To elaborate a little more: he’s answered one of the first questions you would ask to determine someone’s pdf for a variable. One isn’t enough; we need two (or hopefully more) answers. But it’s still a good place to start.
If you can have a 95% confidence interval, why can’t you have a >50% confidence interval as well?
50% confidence intervals are standard practice. But not the point and not what I questioned.
There is no way in which my comment can be read which would make your reply make sense in the context.
I basically agree that the part of the original comment that you quote doesn’t make any sense at all, and am not attempting to come to the defence of confidence intervals over probabilities, but it does feel like there should be some way of giving statements of probability and indicating how sure one is about the statement at the same time. I think, in some sense, I want to be able to say how likely I think it is that I will get new information that will cause me to update away from my current estimate, or give a second-derivative of my uncertainty, if you will.

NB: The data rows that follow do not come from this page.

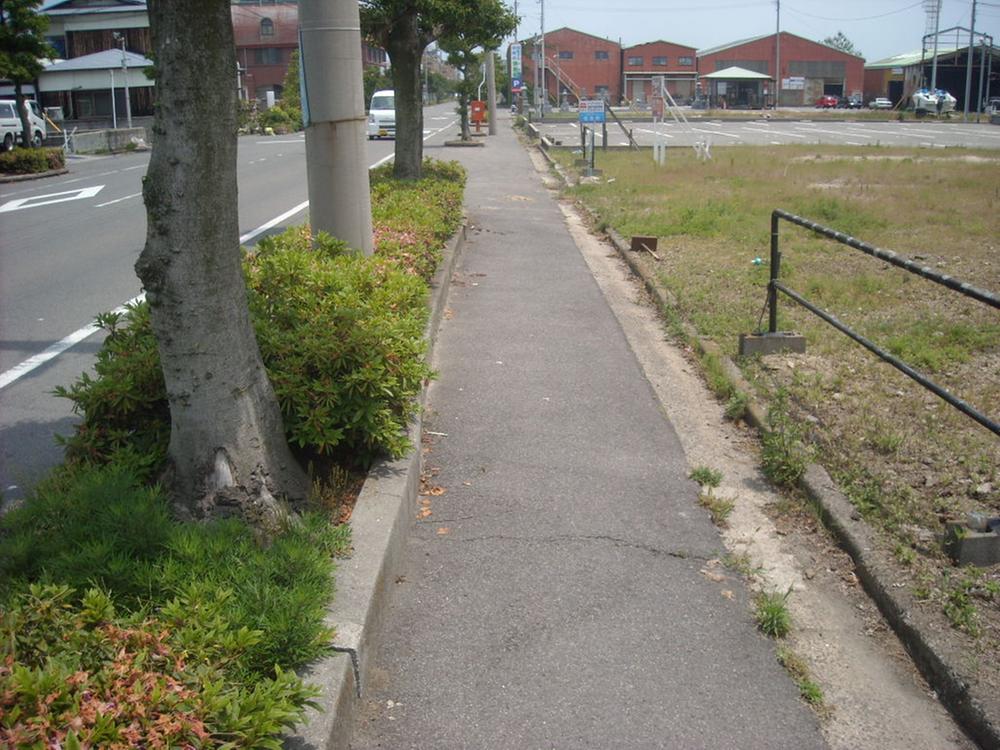 Local photos, including front road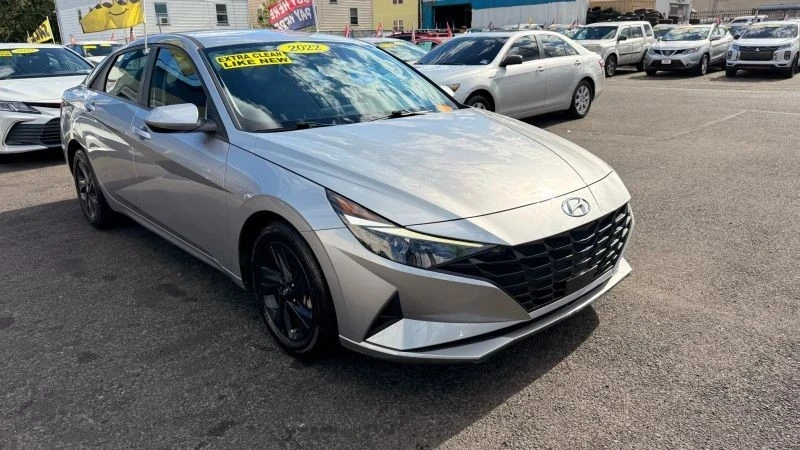 2022 Hyundai Elantra - Image 2 of 12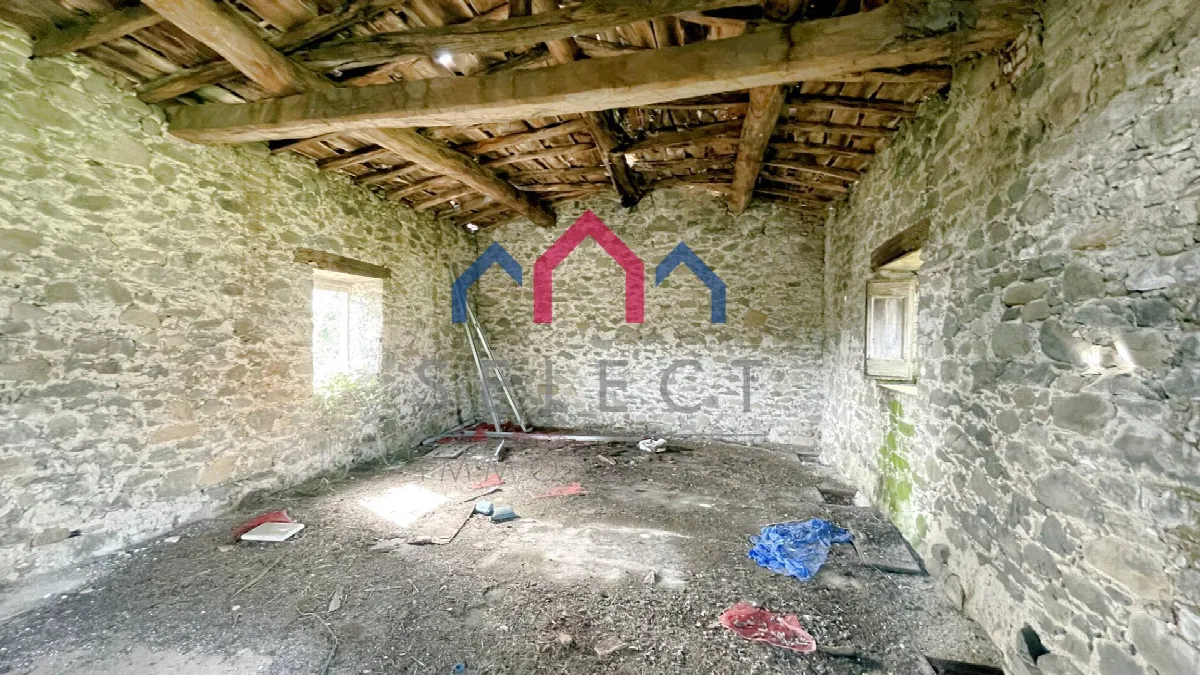 Rustico/Casale in vendita a Castiglione di Garfagnana - foto 3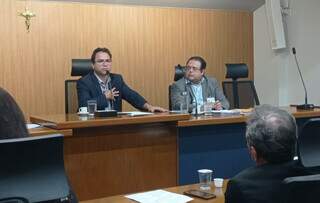 Pedrossian Neto e Ivandro Fonseca durante reunião da Frente Parlamentar. (Foto: Gabriela Couto)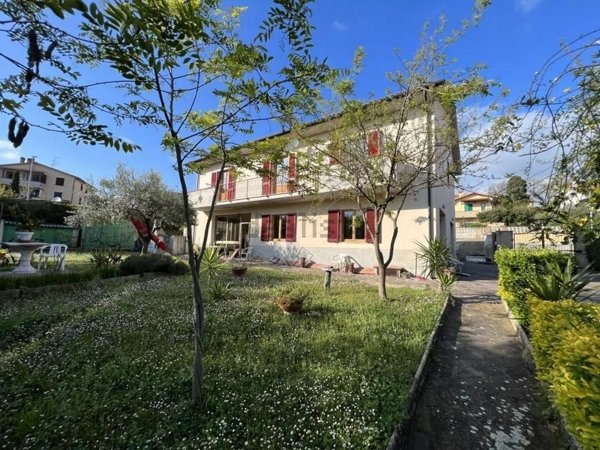 casa indipendente in vendita a Guardistallo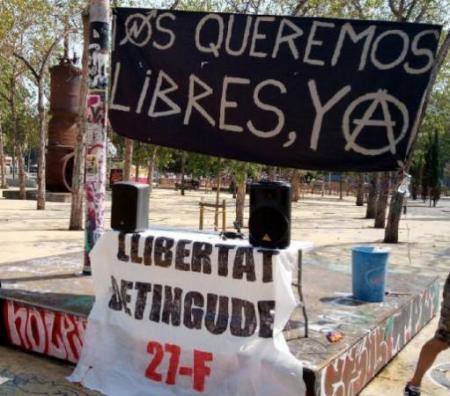 [Actualización] Beppe en libertad - 27F –  La lucha continua hasta que caigan todos los muros. Libertad Pablo y Beppe!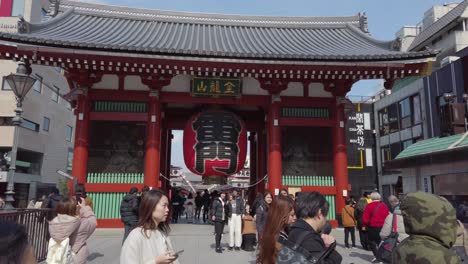 Kaminarimon-entrance-to-Sensoji-Temple,-slow-motion-pan-over-gate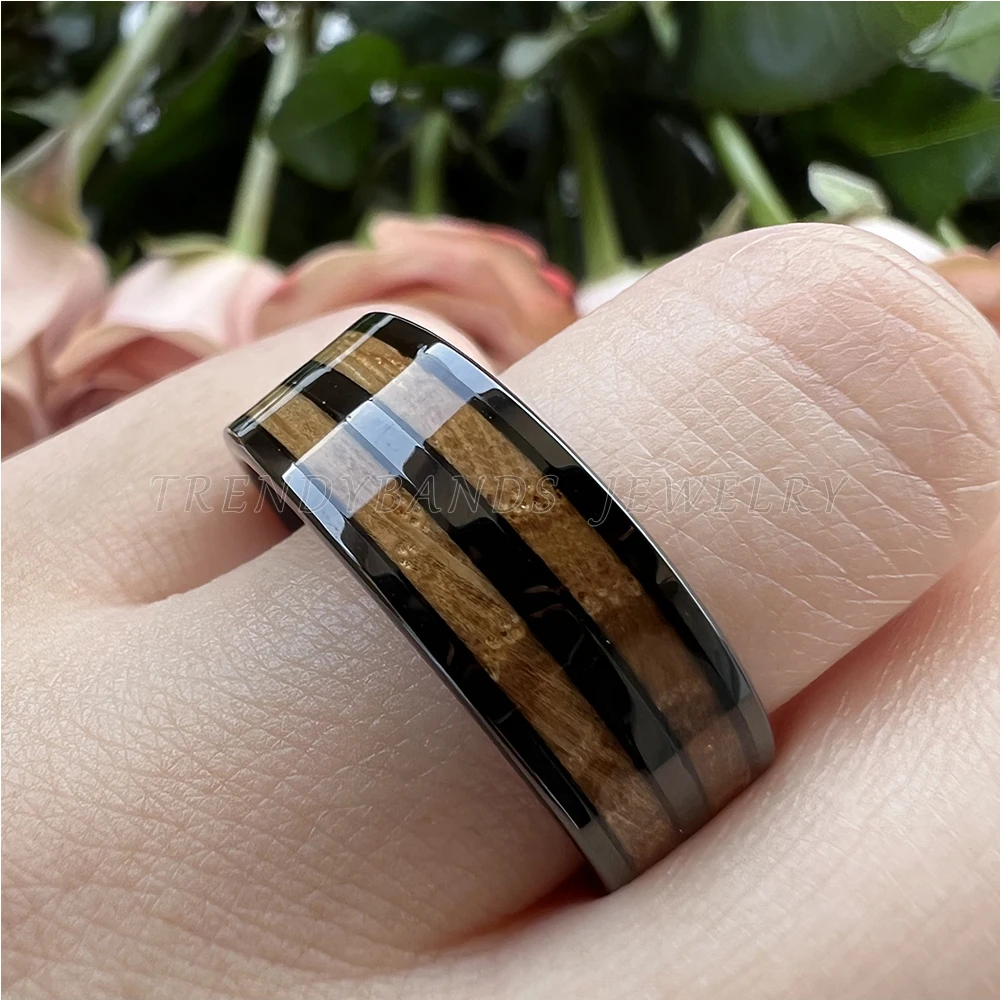 8 mm Herren- und Damenring, Wolfram-Ehering, Paar-Modeschmuck, Whiskyfass, Holzeinlage, poliert, glänzend, bequeme Passform – Detail 5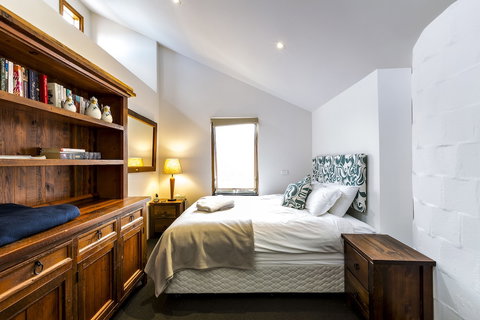 Alpine Woodsmoke - Darwin Holiday 6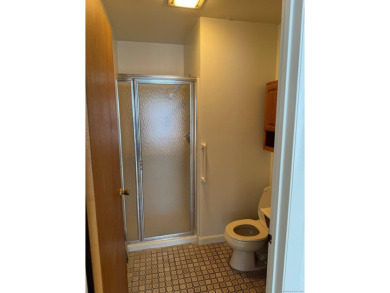 Come see this spacious 1300 square feet condo in the much on Eastwood Country Club in Connecticut - for sale on GolfHomes.com, golf home, golf lot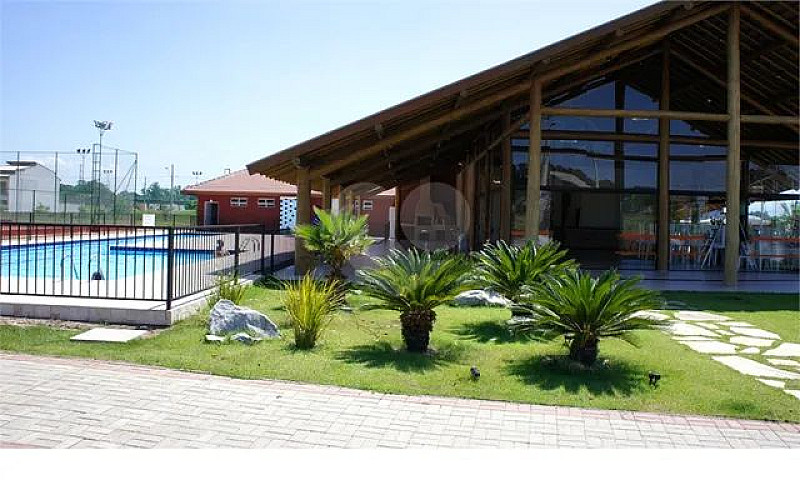 Casa Com 3 Quartos À...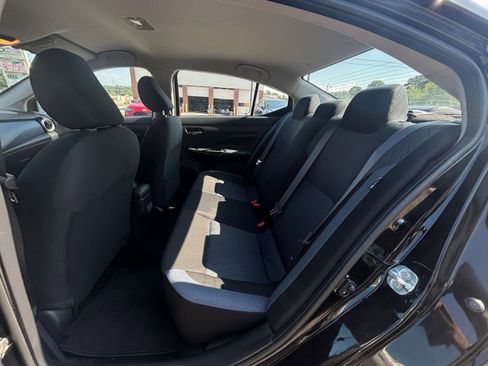 Used 2025 Nissan Versa SV FWD image 25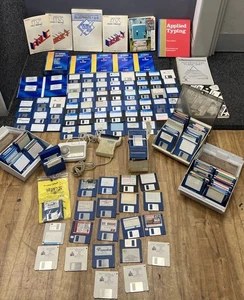 Atari ST  500+ floppy disks joblot games & software genuinely untested - Afbeelding 1 van 9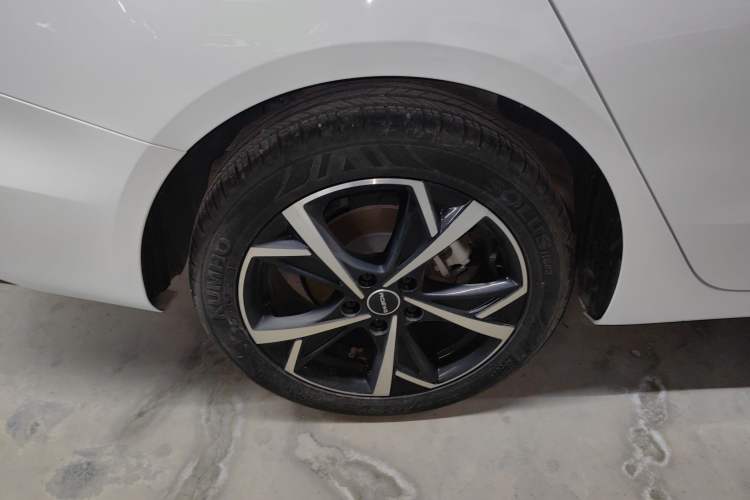 Used Roewe i5 2024 1.5L CVT Luxury Edition Right Rear Wheel Hub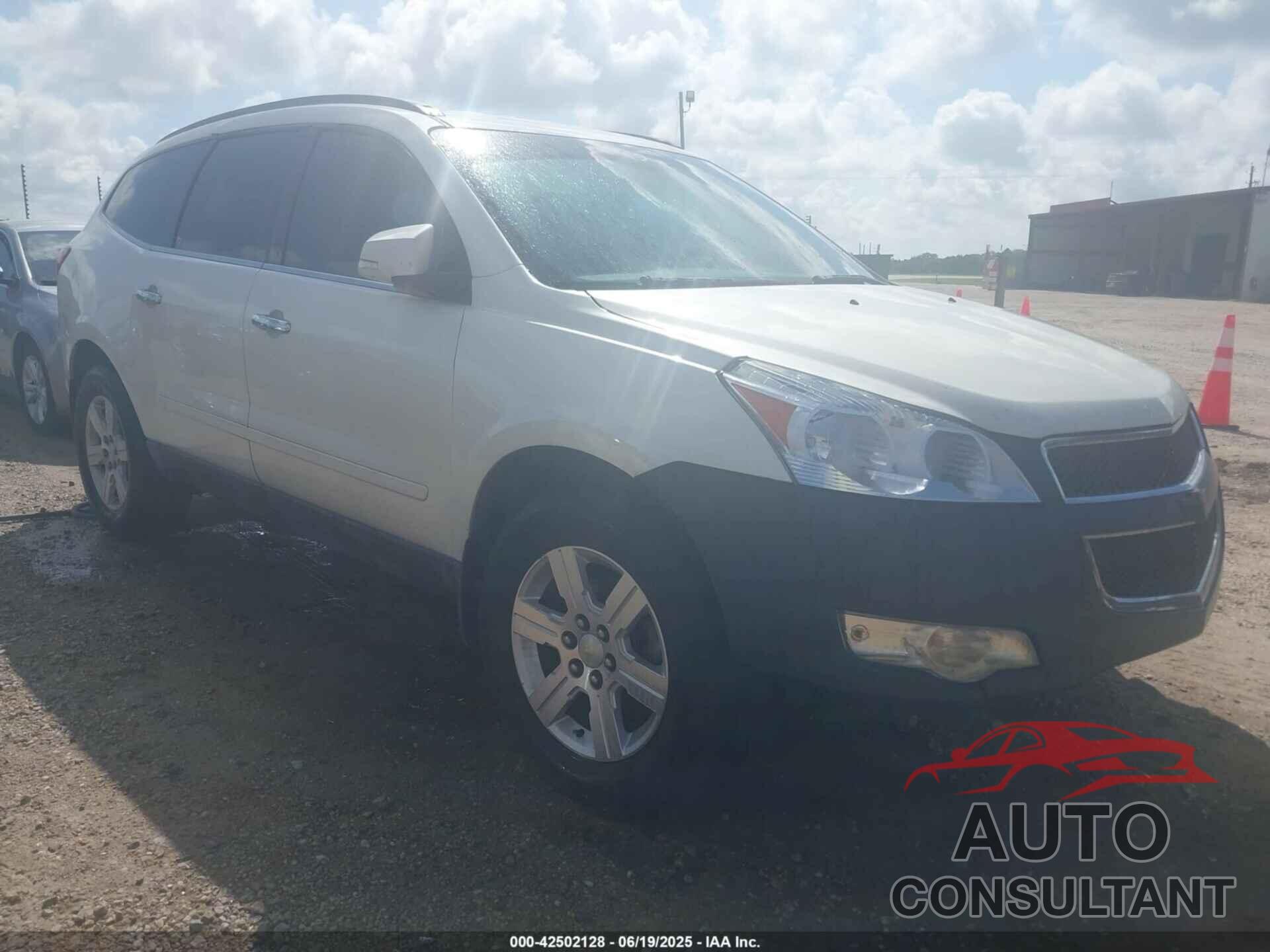 CHEVROLET TRAVERSE 2011 - 1GNKRGED1BJ299893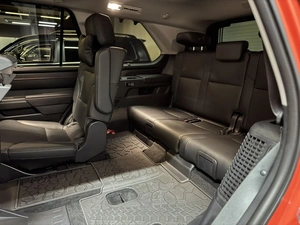 Внедорожник Toyota Sequoia 2023 года, 14497000 рублей, Красноярск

Let’s say we have two bags, one contains 1 million normal coins, one contains 500,000 2-headed coins and 500,000 2-tailed coins. Now, I draw a coin from the first bag and toss it—I have a 50% chance of getting a head. I draw a coin from the second bag and toss it—I also have a 50% chance of getting a head, but it does feel like there’s some meaningful difference between the two situations. I will admit, though, that I have basically no idea how to formalise this—I assume somebody, somewhere, does.
I agree. Perhaps he means to say that his opinion is based on very little evidence and is “just a hunch”.
I do think that in fitting a model to data, you can give meaningful confidence intervals for parameters of those models which correspond to probabilities (e.g. p(heads) for a particular coin flipping device). But that’s not relevant here.